8 Jan 2019

Brexit Bluster: a Sorry Tale About a Country that Wanted to ‘Take Back Control’

Patrick Cockburn

The closure of Gatwick, the second largest airport in Britain, just before Christmas after the sighting of a mysterious drone near the runway, received wall-to-wall coverage from the British media, dominating the news agenda for the best part of a week.
Contrast this with the limited interest shown when a majority stake in the airport was sold by its owners to a French company. A consortium led by the US investment fund Global Infrastructure Partners, which included the Abu Dhabi Investment Authority and Australia’s sovereign wealth fund, were paid £2.9bn by the French group, Vinci Airports.
The change in ownership of an important part of the British infrastructure from one foreign corporation to another came at an interesting moment.
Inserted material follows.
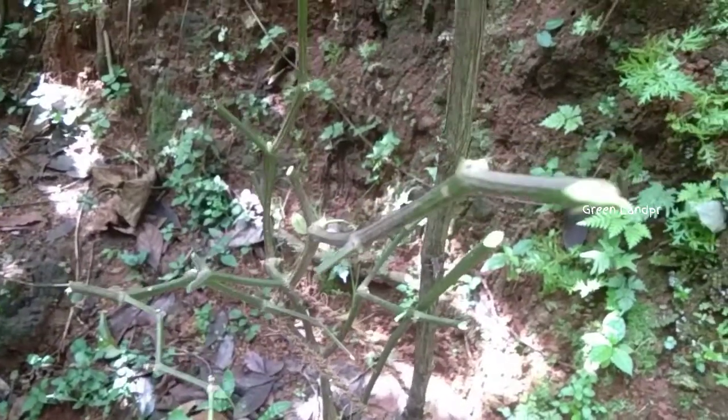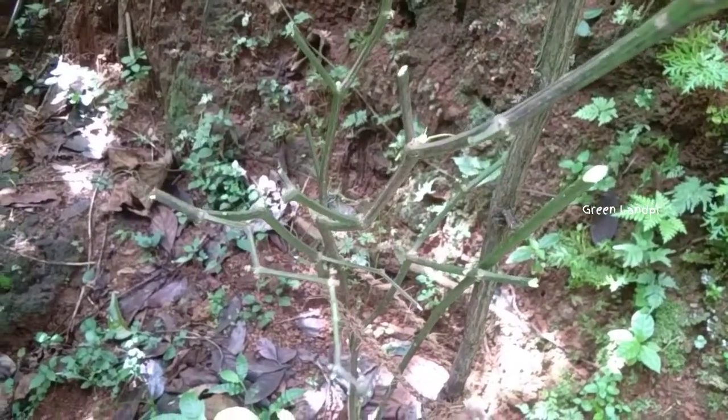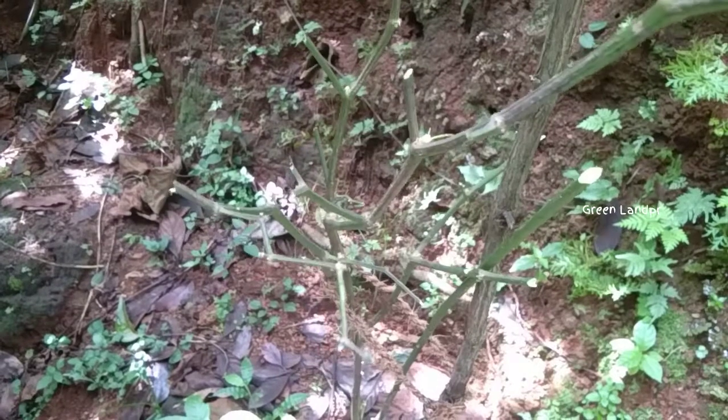We are going to spray this fish amino. We will spray this fish amino.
It was only a couple of weeks after the Whitehall spending watchdog, the National Audit Office, had issued a report explaining one reason why the British army is short of new recruits.
It says that back in 2012 the army had agreed a £495m contract with the outsourcing group Capita Business Services to be its partner in the recruitment of soldiers. But problems with the recruiting systems put in place by the company have made it increasingly complicated for even the most enthusiastic recruit to join up.
This is at a time when there is a shortfall of 5,500 in the number of fully trained British soldiers with 77,000 in the ranks compared to a target of 82,500.
The auditor’s report says that it took 321 days for an aspirant soldier to move forward from his or her initial online application to starting basic training. Unsurprisingly, many became discouraged over this long period so no less than 47 per cent dropped out in 2017/18.
More traditional methods such as local army recruitment centres had been run down as out of tune with modern times. The number of such centres was cut from 131 to 68 in an abortive attempt to reduce costs, according to the report.
What makes these two episodes significant is that they took place at the very moment when British politics is in greater turmoil than it has been for decades, if not for centuries, over the question of who runs the country. Yet this argument is focusing almost exclusively on the decision to leave the European Union on 29 March.
Proponents of Brexit argue that this is the best way to restore British national sovereignty and British control over their own country’s future. Yet, as we stagger towards Brexit in less than a dozen weeks’ time, it is extraordinary that decision-making on so many issues directly affecting the daily lives of people living in Britain should be in the hands of corporations at home and abroad.
The ability of national politicians to regulate and, above all, tax these international entities is already low and will get considerably lower if Britain leaves the EU and is scrabbling for new investment post Brexit. Vinci is reported to have got a bargain basement price for Gatwick because of Brexit fears.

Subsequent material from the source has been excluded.